*YOUR TASK:* The whole listing, except its pictures, is to be repeated exactly.
___ COLLECTED DATA ___
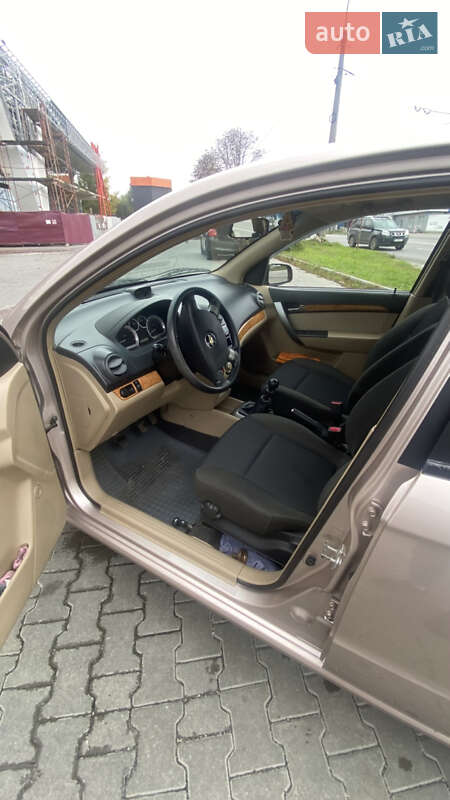 Седан Chevrolet Aveo 2008 в Тернополе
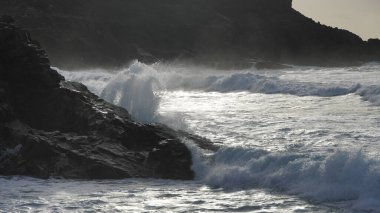 Atlantik Okyanusu 'nun Atlantik kıyılarının dalgaları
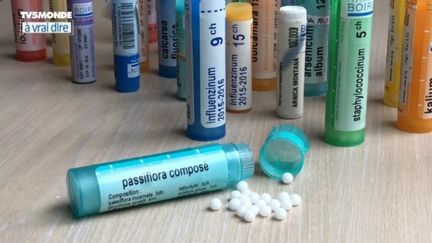 Des tubes de granules homéopathiques (TV5MONDE)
___
*EXERCISE ANSWER:*
 Седан Chevrolet Aveo 2008 в Тернополе
 Atlantik Okyanusu 'nun Atlantik kıyılarının dalgaları
 Des tubes de granules homéopathiques (TV5MONDE)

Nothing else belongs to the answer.